Forget writers; the readers who use reviews deserve clarity and Amazon is trying to give them that. Yes, some people might lose honest reviews but the issue has been created by writers trying to pull a fast one, not the retailers. Their actions might be heavy-handed but maybe if writers kicked off more about those cheating the system than Amazon, they might be treated more sympathetically.

Of course, you don't have to use Amazon. 

It might not be a popular view but that's how I feel.

ETA: And there's this too, which I applaud!
https://justpublishingadvice.com/am...&utm_medium=social&utm_campaign=ReviveOldPost


----------



## moderan (May 15, 2018)

In a nutshell. Well-said. Some things don't lend themselves well to review -- I was crestfallen to discover that my work falls in that category. Very few reviews, but positive. The work sells though. I would never, could never, pay a service for reviews. I also rarely send out review copies as 90% of those don't happen and I don't want to give out free stuff without a reason to.
Otoh, I'd review my own anthologies if allowed. So...fuzzy line.


----------



## Mikeyboy_esq (May 15, 2018)

Occasionally, I've had a few Amazon reviews deleted from each one of my books and they seem to occur randomly.  As far as I can tell, I don't personally know or have a social media connection with the ones that were deleted, but I could be wrong about that.  As an indie author, it feels frustrating to work so hard to get reviews and then have them mysteriously deleted without warning or explanation from time to time.  

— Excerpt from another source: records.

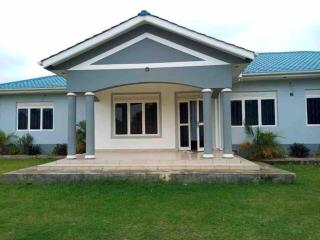 KareBer Deluxe - Gulu - Uganda - 8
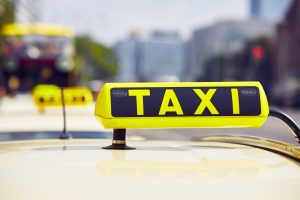 タクシーの昼日勤という勤務体系について解説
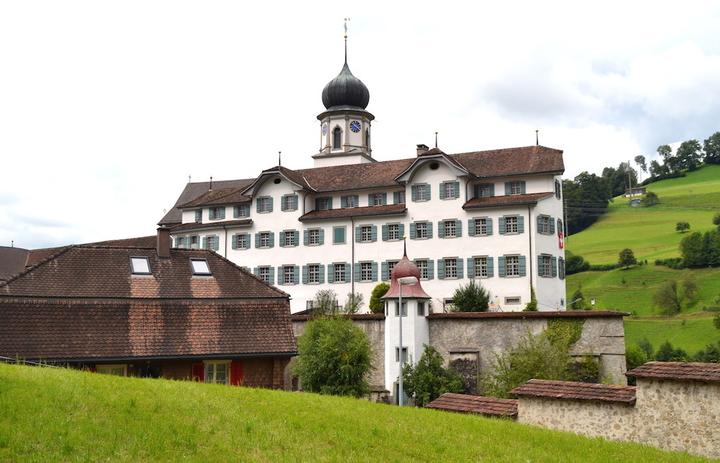 Das Kloster Werthenstein beherbergt Pilger im obersten Stock.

Another thing that puzzles me is how Amazon calculates my average rating.  I've had a handful of 5-star ratings this year (mostly verified or VINE reviews) and it didn't change my average rating at all.  That seems odd to me. A true average would be more accurate in my opinion... even if it is a true avg. of verified reviews only.


----------



## ilostit (Oct 14, 2018)

It's better than my friend's book that he self published, witch has 0 reviews.

The two novellas he wrote or OK. But no reviews no nothing.


----------



## Cavex (Nov 27, 2018)

How have people been able to get reviews in the first pace? Does it many happen by luck?


----------



## Mikeyboy_esq (Nov 27, 2018)

Cavex,
Definitely NOT by luck!  My first book has been out 2 years and I have about 40 reviews, and my 2nd book is now about 1.5 years old and it has about 25 reviews.  I've found success in a few ways.... 

Giving away LOTS of books and asking people to consider leaving an honest review after they read it (but it is NOT a quid pro quo as that is against Amazon rules). I gave away over 100 books when I launched my first book and about 25% of them left a review over the next 3 months (I had to remind some of them a few times, but tried not to be a pest).  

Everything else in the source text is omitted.